领导力并非政治美德德目——贤能政治纠谬之二
贤能资格制所面对的固有旧挑战在于独断地将政治共同体的部分成员排除在美德可能性之外,与之常常相伴产生的新挑战在于独占践行美德之特权的那部分被认为位高责重的人可以一方面扩权,一方面卸责——从而位高责重未必是位高权重的自然结果,也无法用以证成后者。
应当注意到,贤能政治理论家看起来已经既承认了这个新挑战,也承认了上述旧挑战。晚近最重要的贤能政治理论著述即以它的核心章节之一集中讨论了贤能资格制的三大错谬:除合法性问题外,另两个问题分别是腐败问题,对应于领导者的美德缺乏制约和保障这一新挑战,以及固化问题,对应于能力精英特权阶层的形成。[12]但总的来说,该书此处的分析只是提供了相关说明,并未真正解决,甚至并未试图解决关键问题:两节相关内容分别始于新加坡和法国的故事,并落脚于对中国模式的一些表面化理解。
总的来说,晚近贤能政治理论着重聚焦于领导力(leadership),这是其采纳位高责重论证的最重要手段。而本节将用必要的笔墨简要说明,相较于自由民主语境,恰恰是在典型的贤能资格制社会中,对贤能选任以及精英领导力的强调将格外有害于贤能政治理论的根本承诺——甚至走向原初承诺的反面,形成精英与失去美德资格的大众之间的支配关系。

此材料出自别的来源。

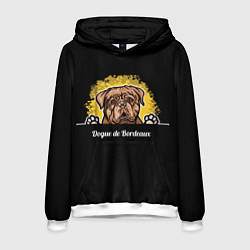 Толстовка-худи мужская Бордоский Дог Dogue de bordeaux, цвет: 3D-белый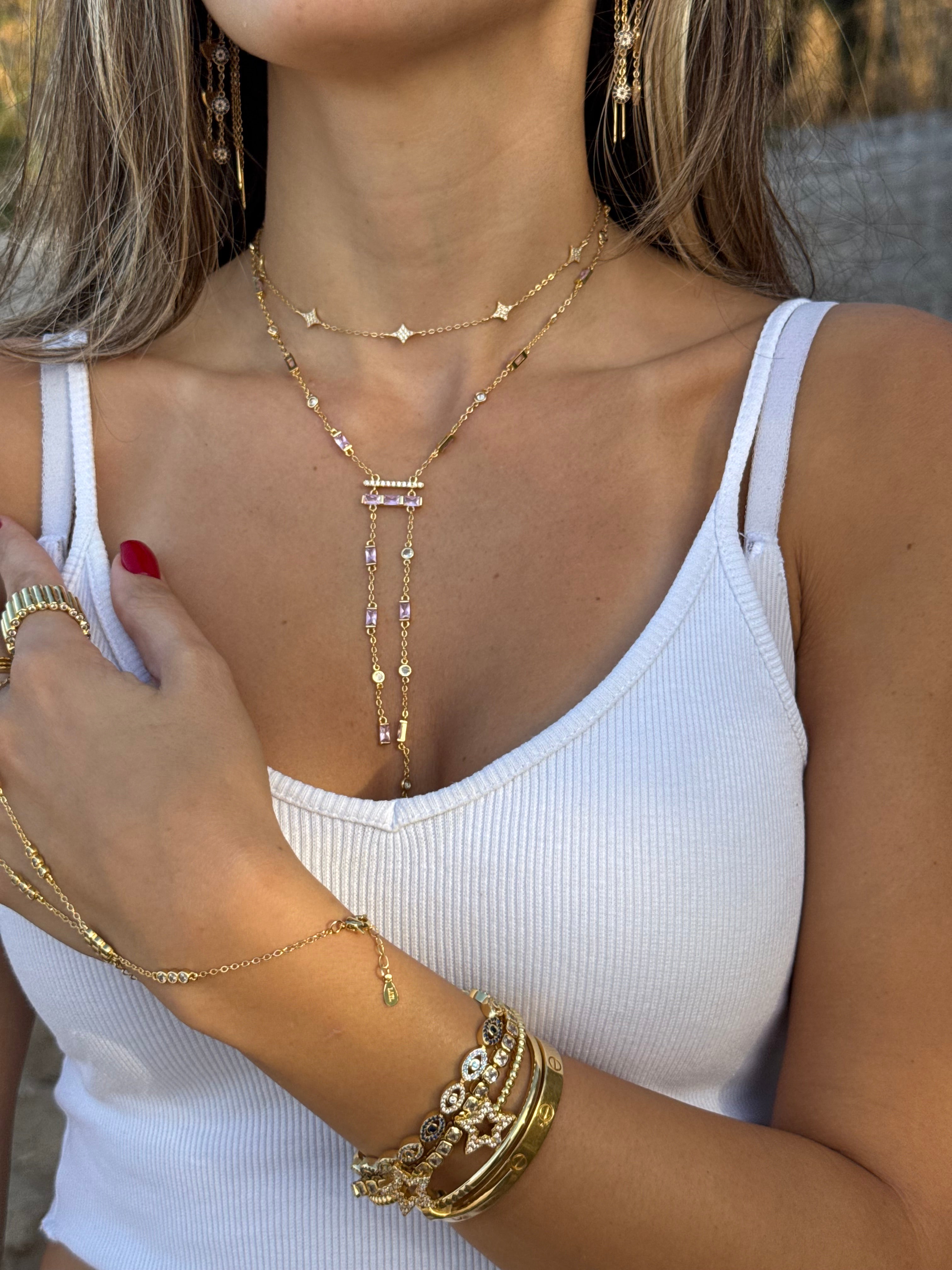 Pink Double Dropdown Necklace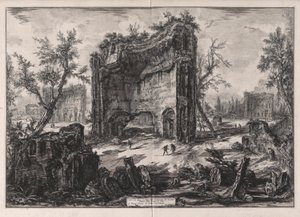 Vue des restes des bâtiments du deuxième étage des Thermes de Titus, de Vedute di Roma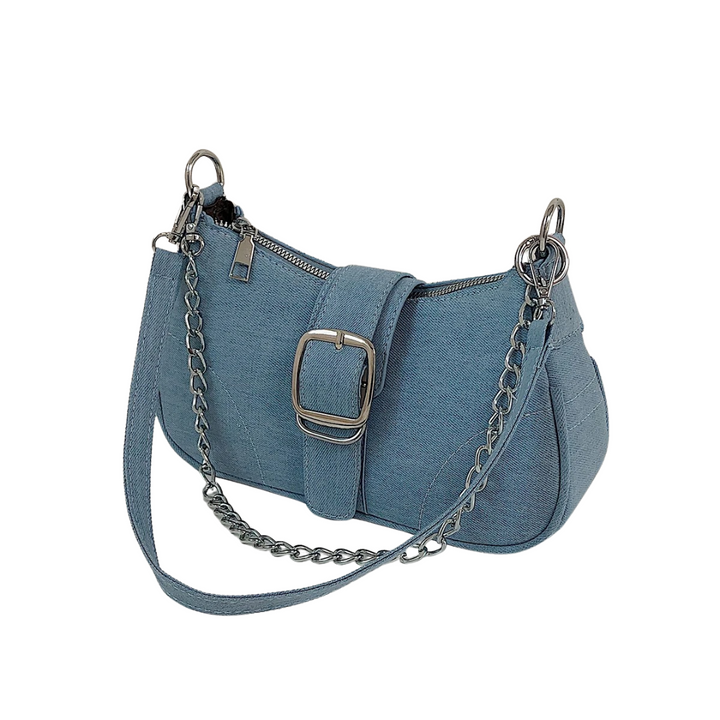 "Trendig och praktisk denim crossbody-väska för kvinnor, kompakt design med justerbar rem för dagligt bruk."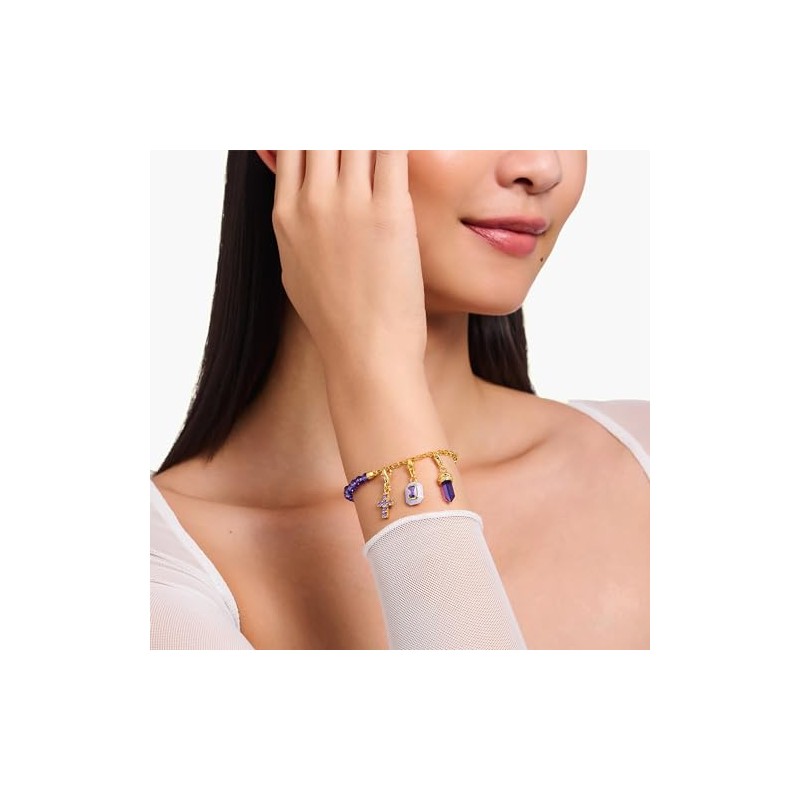 Thomas Sabo Women Charm Pendant Octagon with Violet Cold Enamel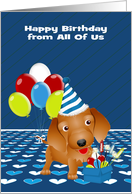 Birthday from All Of Us with a Wire-haired Dachshund and Balloons card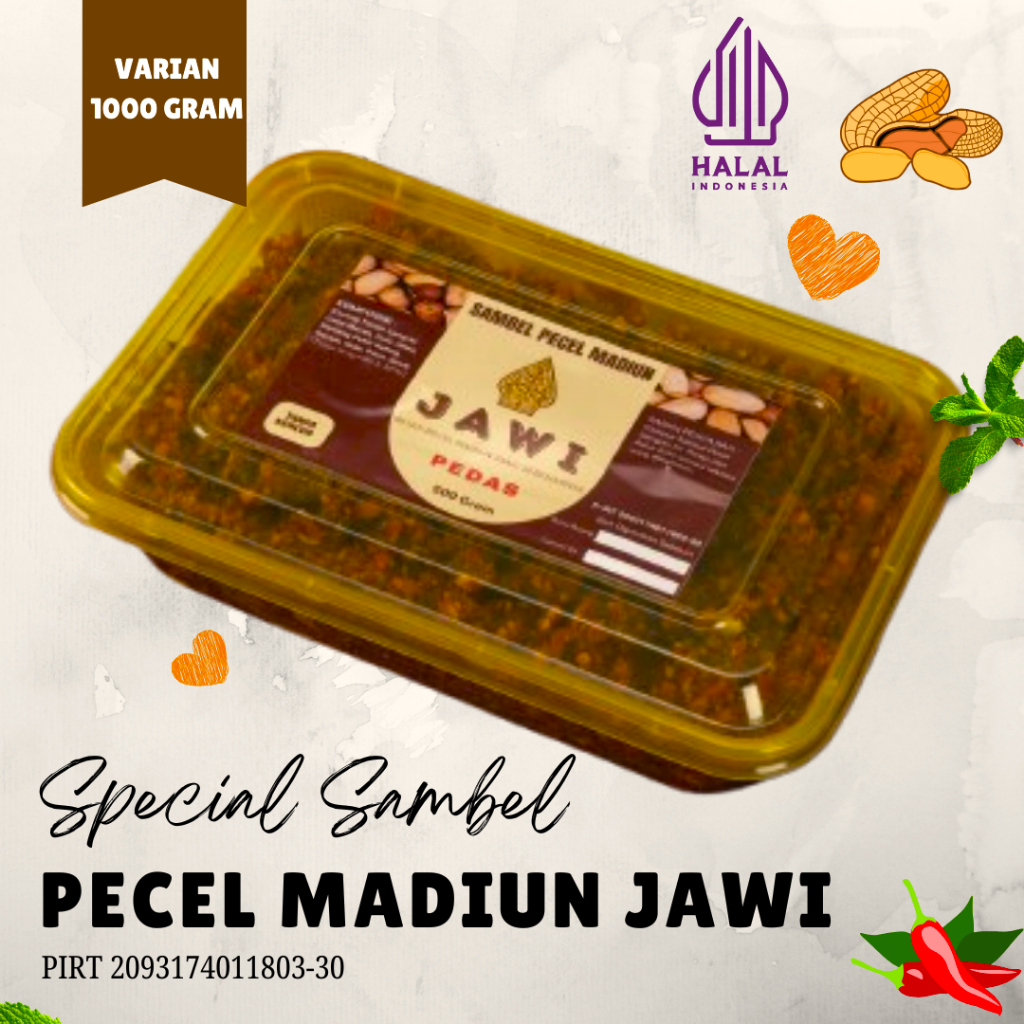 

Sambel Pecel Madiun JAWI Kacang Sangrai Tanpa Pengawet Tanpa Kencur 1000 gram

领导力之所以并不可靠,是因为根本上说,它并不是独立的美德德目。此处的不独立可归于两个层次:(1)“leadership”(领导力/领导者身份)在概念意涵上并未剥离为纯然的美德和责任,它并未独立于,而是掺杂着特权和高位等优势身份特质。(2)即使剥离为纯然的责任意涵,领导力也并不独立于“citizenship”(公民性/公民身份/公民精神),因为在现代政治中,领导者也只是一类公民,而且领导力所意味着的那些具体美德——例如公共合理性与判断力、信息充分的慎思和决策、同胞之爱与同情等——无不原本就是公民美德和公民精神的核心内容。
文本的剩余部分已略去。